Teams are still tripping over well-known misconfigurations.
In addition to educating users about the risks posed by new cloud-based development practices, there is evidence that organizations still struggle to avoid well-known problems.
- Misconfigurations of storage buckets still represent about 15.3% of the violations.
- Hardcoded secrets represented almost 10% of violations. In fact, every single organization tested included a hardcoded secret in at least one container configuration.
- Of the organizations we tested, 10.3% are paying for advanced security capabilities that are never enabled.
- Kubernetes users that try to implement role-based access controls (RBAC) often fail to define roles at the proper granularity, increasing credential reuse and the chance of misuse — 35% of the organizations in our research struggled with this problem.
Misconfigurations in the architectural foundations of cloud native apps should be fixed the fastest but actually take the longest to fix.
The average time to fix infrastructure misconfigurations was about 25 days; misconfigurations in load balancer services required over 149 days — the longest of all misconfigurations analyzed.
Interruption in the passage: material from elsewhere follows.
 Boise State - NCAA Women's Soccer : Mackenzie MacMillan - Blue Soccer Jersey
All user-facing data goes through these resources, so they should be fixed the fastest, not the slowest. Included in those misconfigurations were instances of applications accepting TLS 1.1 connections, which could expose them to the infamous Heartbleed bug. This is a well-known vulnerability which can be easily exploited and should be fixed as quickly as possible.
If we distinguish between production and pre-production environments, the average time to fix infrastructure misconfigurations are 21.8 and 31.2 days, respectively. This hints that many organizations prioritize remediation in production. While that may seem reasonable at first glance, pre-production environments can also pose risks if customer data can be used from there, as illustrated by the Imperva breach.
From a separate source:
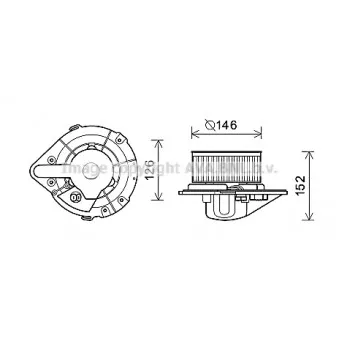 Moteur électrique, pulseur d'air habitacle AVA QUALITY COOLING AI8501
Our prior research revealed that 90% of organizations allow configuration changes to occur in runtime, which causes cloud risk posture to drift from established secure baselines. Without proper management and security protocols in place, this can come at a cost.
On average, it takes 7.7 days for organizations to reconcile configuration changes in runtime with the IaC baseline, creating windows of opportunity for attackers. In general, our research found that the longest time to fix drifts was 21 days, and that class of drifts included resources associated with software-defined networking, messaging, and Function as a Service (FaaS). Foundational networking components are common to both classes.
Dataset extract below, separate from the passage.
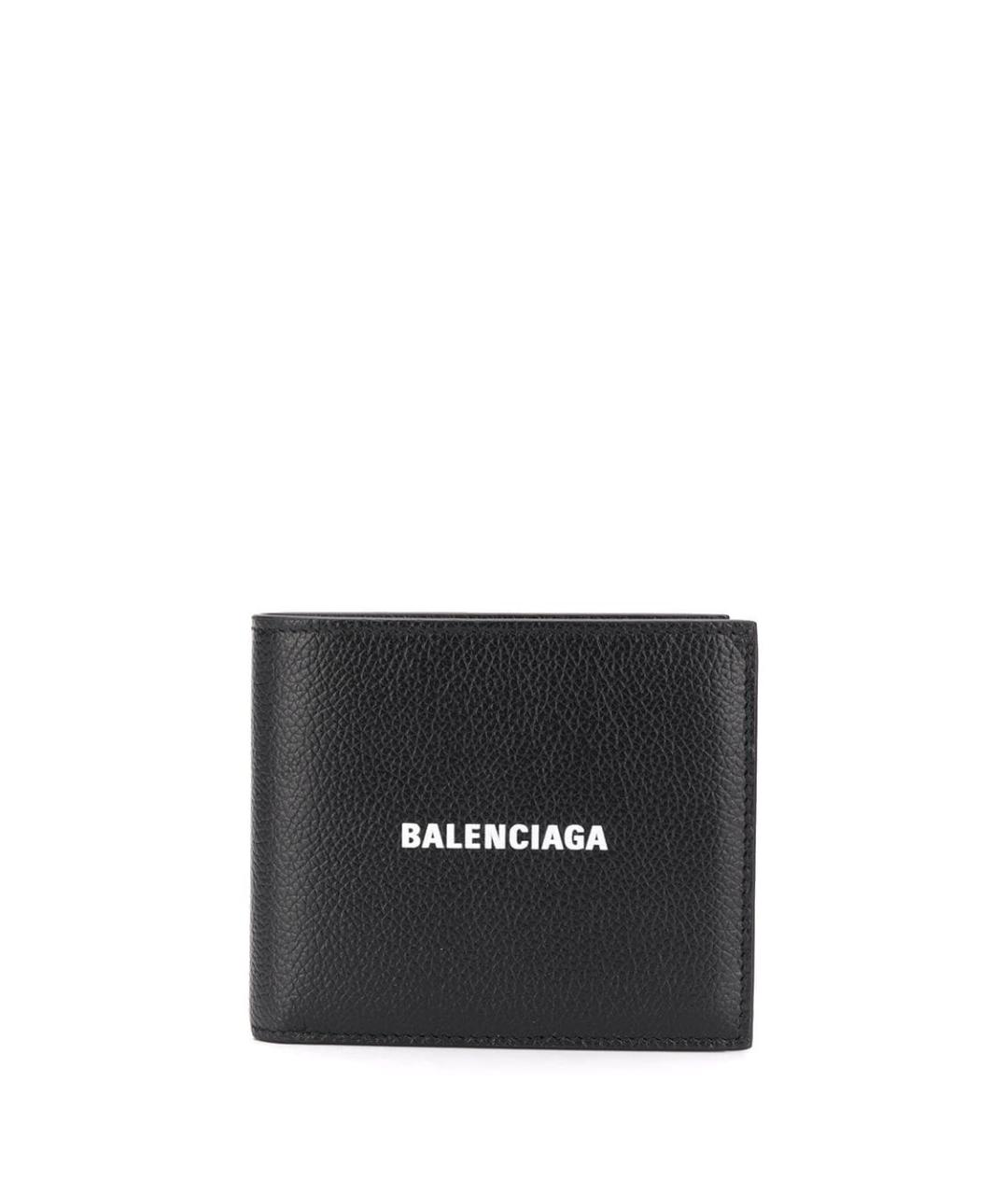BALENCIAGA Черный кожаный кошелек, фото 1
Configuration drift was a factor in the Twilio breach; while the AWS S3 bucket was configured correctly when it was added to their environment in 2015, the configuration was changed 5 months later to fix a problem and not properly reset once the issue was fixed. This drift went undetected and unaddressed until it was exploited nearly 5 years after the misconfiguration was created. This highlights the fact that drift can be incredibly dangerous, as it creates a window of opportunity for exploitation, which was taken advantage of in this example. The good news is that once Twilio was alerted to the malicious modification, they were able to replace the TaskRouter JS SDK file in about an hour.